INFORMATION SHOWN:
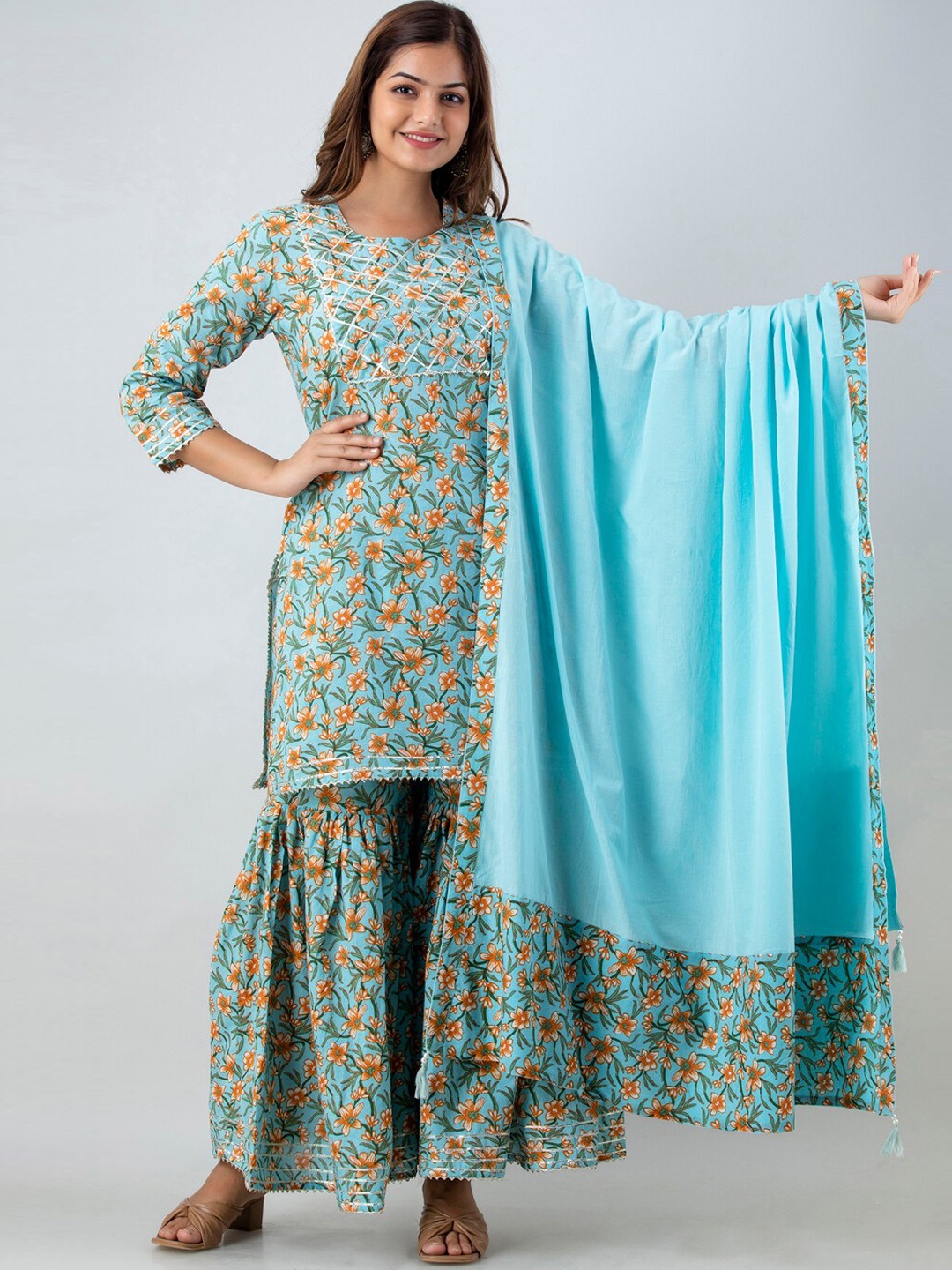 

KALINI Women Sea Green Floral Printed Gotta Patti Pure Cotton Kurta Set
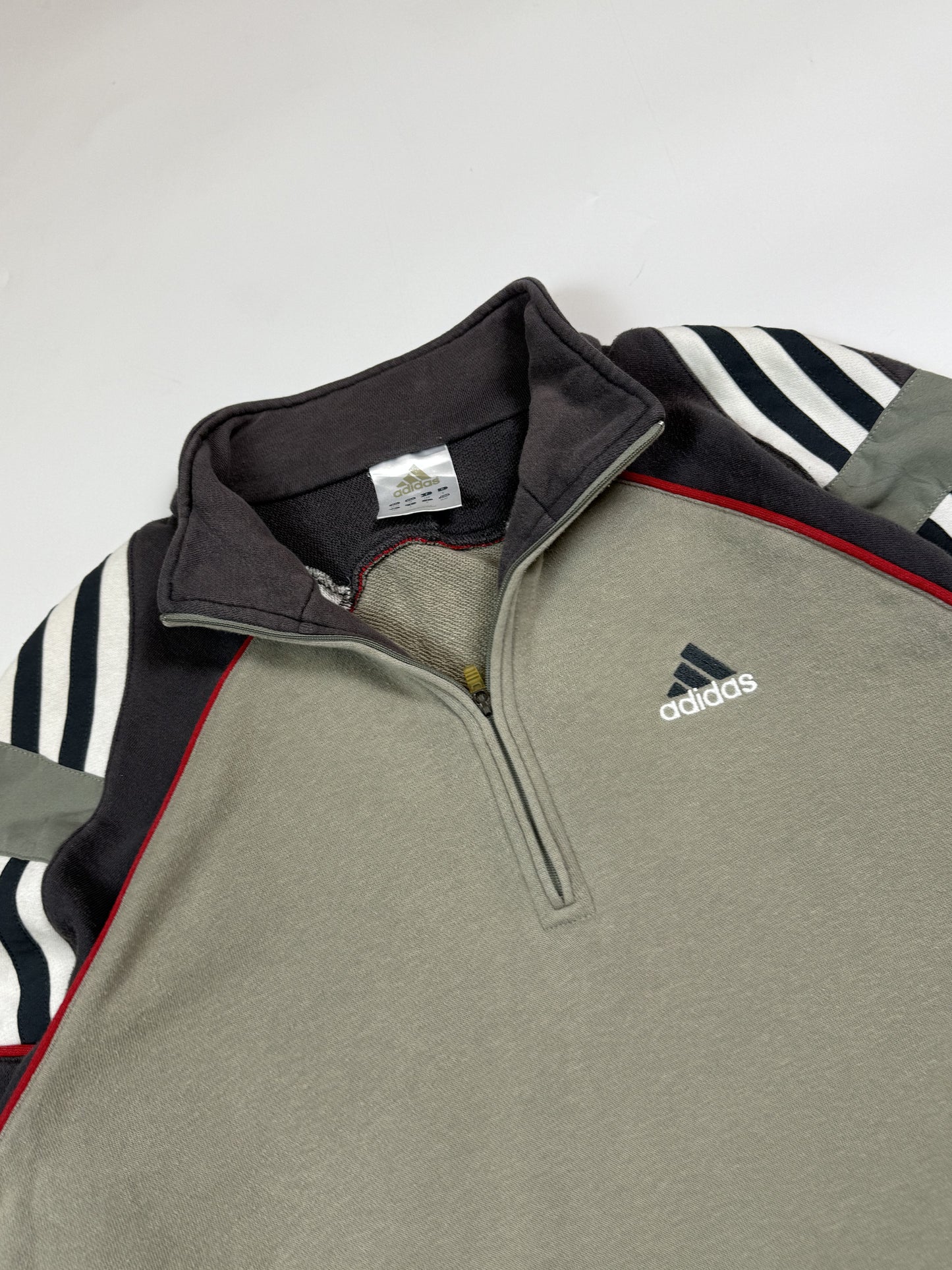 Vintage Adidas quarter zip sweatshirt (M)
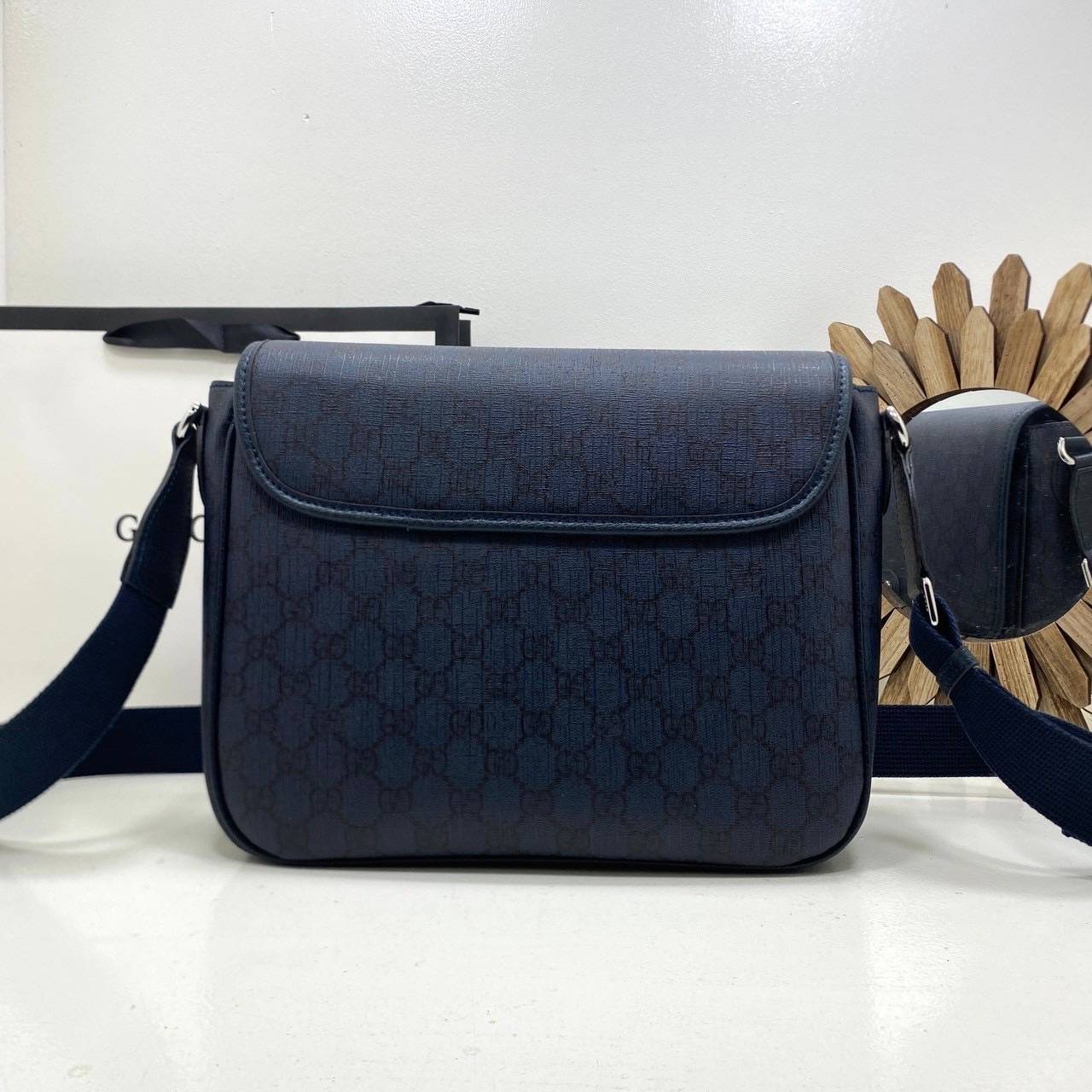 ORI หนังแท้ | GUCCI Ophidia medium messenger bag Navy Blue กระเป๋าสะพายทรงแมสเซ็นเจอร์ Canvas GG Supreme เนื้อผ้าที่เหมาะสำหรับไลน์แอคเซสเซอรี่สำหรับผู้ชาย โดยการเพิ่มกลิ่นอายความโมเดิร์นให้กับดีไซน์ของแบรนด์อันเป็นเอกลักษณ์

PROBLEM DETAILS: Give every line above again exactly, with no pictures.

ANSWER TO THE PROBLEM:
KALINI Women Sea Green Floral Printed Gotta Patti Pure Cotton Kurta Set
 Vintage Adidas quarter zip sweatshirt (M)
 ORI หนังแท้ | GUCCI Ophidia medium messenger bag Navy Blue กระเป๋าสะพายทรงแมสเซ็นเจอร์ Canvas GG Supreme เนื้อผ้าที่เหมาะสำหรับไลน์แอคเซสเซอรี่สำหรับผู้ชาย โดยการเพิ่มกลิ่นอายความโมเดิร์นให้กับดีไซน์ของแบรนด์อันเป็นเอกลักษณ์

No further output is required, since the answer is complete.